● **SUPPLIED MATERIAL**:
- - - - -

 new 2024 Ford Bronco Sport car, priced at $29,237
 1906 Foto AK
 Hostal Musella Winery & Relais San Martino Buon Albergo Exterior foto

- - - - -

● **TASK REQUIREMENTS**: Lines from the one containing "1906 Foto AK" to the end of the data are to be printed exactly, including the first and last.

● **YOUR SOLUTION**:
 1906 Foto AK
 Hostal Musella Winery & Relais San Martino Buon Albergo Exterior foto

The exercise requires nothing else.